(Items from a dataset)

== Segment start ==

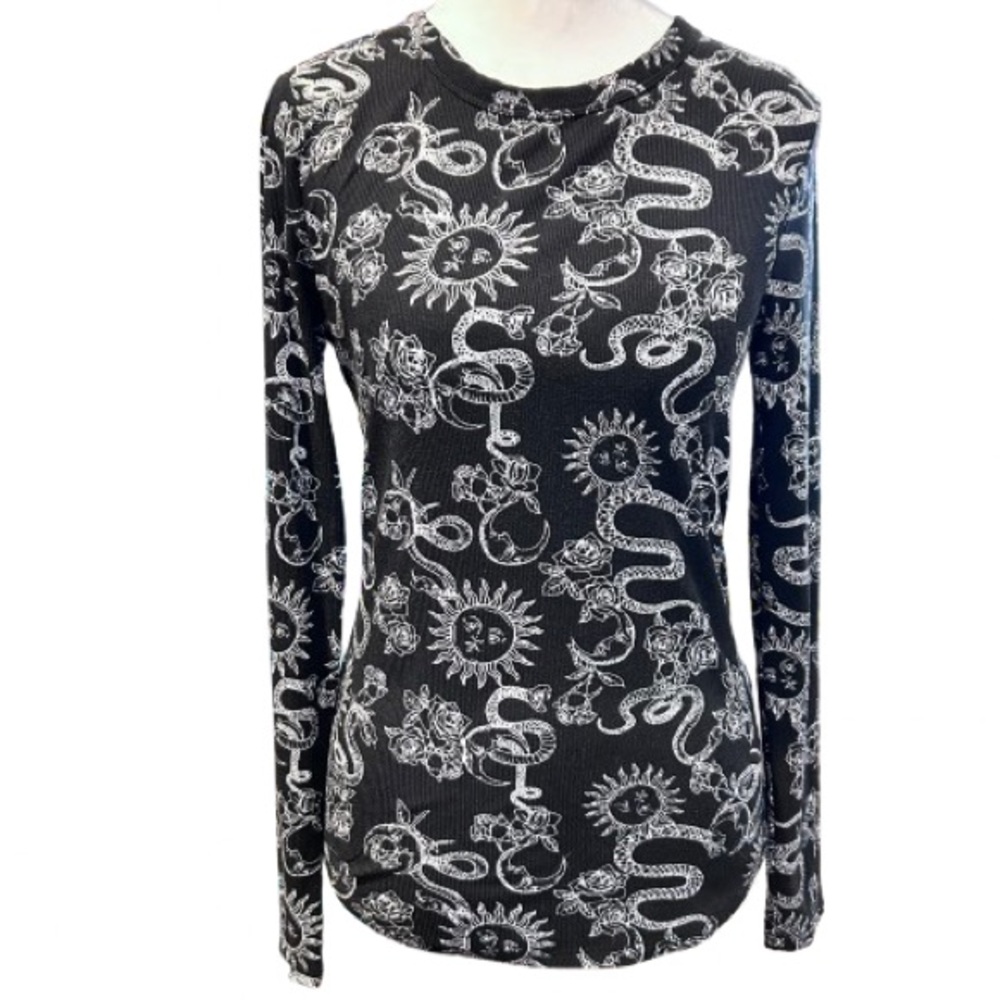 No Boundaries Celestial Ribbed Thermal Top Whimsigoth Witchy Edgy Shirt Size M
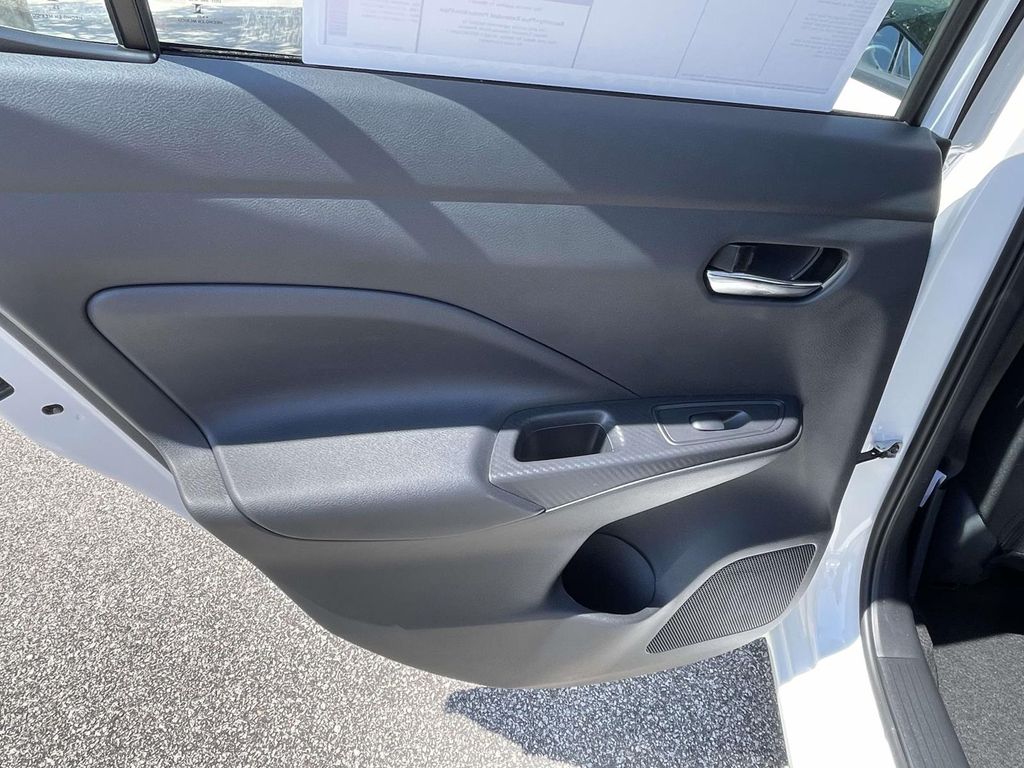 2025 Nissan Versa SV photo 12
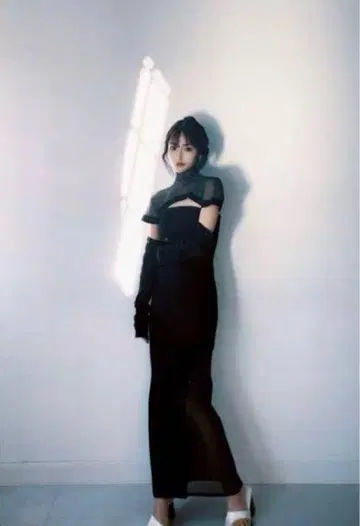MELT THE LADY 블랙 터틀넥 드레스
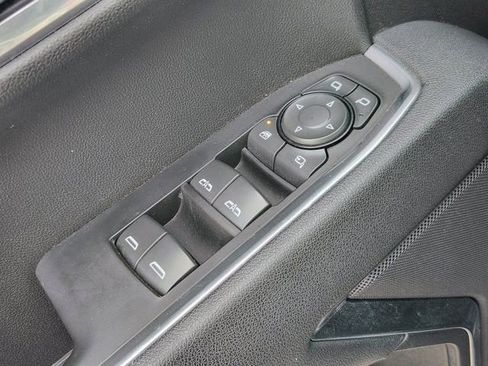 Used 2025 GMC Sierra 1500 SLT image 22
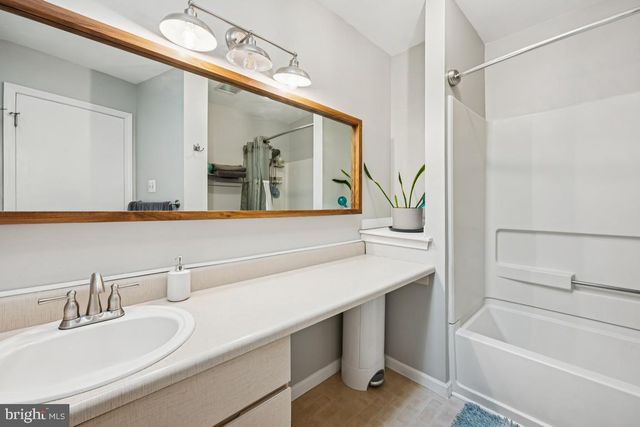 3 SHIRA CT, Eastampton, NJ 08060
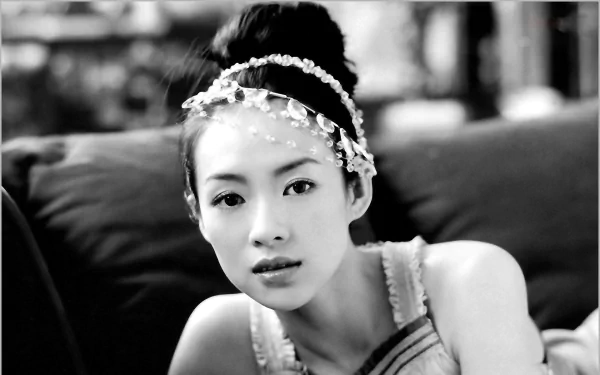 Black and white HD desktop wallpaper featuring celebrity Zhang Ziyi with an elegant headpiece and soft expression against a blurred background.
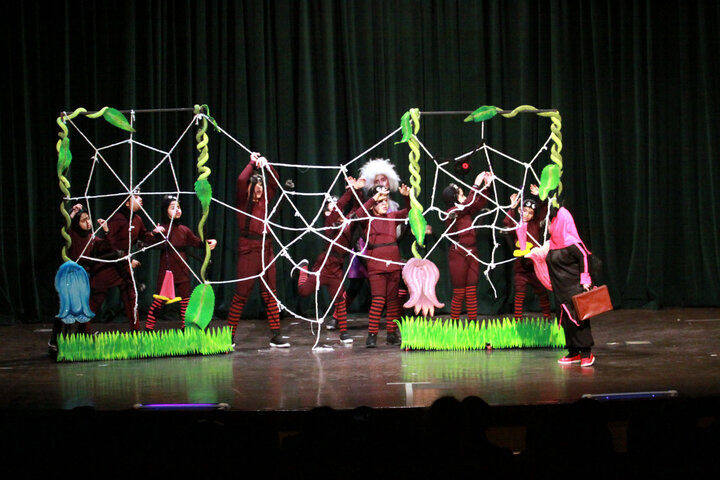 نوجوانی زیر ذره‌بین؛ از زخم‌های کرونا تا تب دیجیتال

== Segment end ==

→ **TASK TO CARRY OUT**: The line that contains "Black and white" opens the part to copy, and the last line of the records closes it; set down those lines exactly, pictures excluded.

→ **EXERCISE RESPONSE**:
 Black and white HD desktop wallpaper featuring celebrity Zhang Ziyi with an elegant headpiece and soft expression against a blurred background.
 نوجوانی زیر ذره‌بین؛ از زخم‌های کرونا تا تب دیجیتال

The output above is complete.